Pesan itulah yang mengemuka dalam rangkaian Famtrip Overland Tiga Kabupaten yang memasuki agenda Sharing Session di Pantai Shaka, Desa Sani-Sani, Kecamatan Samaturu, Kabupaten Kolaka, Sabtu (8/8/2026).
Kegiatan yang berlangsung 7–9 Agustus 2026 tersebut mempertemukan pemerintah, pelaku industri pariwisata, komunitas, media, hingga pegiat olahraga wisata untuk melihat secara langsung sekaligus membicarakan masa depan destinasi wisata Sultra.
Rute perjalanan yang melintasi Bombana, Kolaka, dan Kolaka Timur menjadi semacam jendela yang memperlihatkan satu kenyataan: Sultra tidak kekurangan potensi wisata. Tantangannya adalah bagaimana kekayaan tersebut dikenal lebih luas, dikemas secara menarik, dan memberikan manfaat ekonomi bagi masyarakat di sekitarnya.
Kepala Dinas Pariwisata Sultra, Dr.
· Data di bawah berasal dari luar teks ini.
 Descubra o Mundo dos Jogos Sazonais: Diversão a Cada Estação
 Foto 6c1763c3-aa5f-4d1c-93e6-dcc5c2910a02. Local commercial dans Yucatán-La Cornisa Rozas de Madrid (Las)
M. Ridwan Badallah, mengatakan Famtrip Overland menjadi contoh bahwa promosi pariwisata tidak harus selalu menunggu dukungan anggaran pemerintah. “Ini adalah kegiatan yang kita laksanakan tanpa menggunakan anggaran APBD maupun APBN. Semua bergerak dengan semangat kebersamaan dan kepedulian terhadap pariwisata Sulawesi Tenggara,” kata Ridwan.
Menurut dia, perjalanan tersebut memperlihatkan karakter wisata Sultra yang beragam. Peserta sebelumnya menjelajahi Padang Pajongang di Bombana dan Pantai Kalomang di Kolaka, sebelum melanjutkan perjalanan menuju Pantai Shaka di Sani-Sani.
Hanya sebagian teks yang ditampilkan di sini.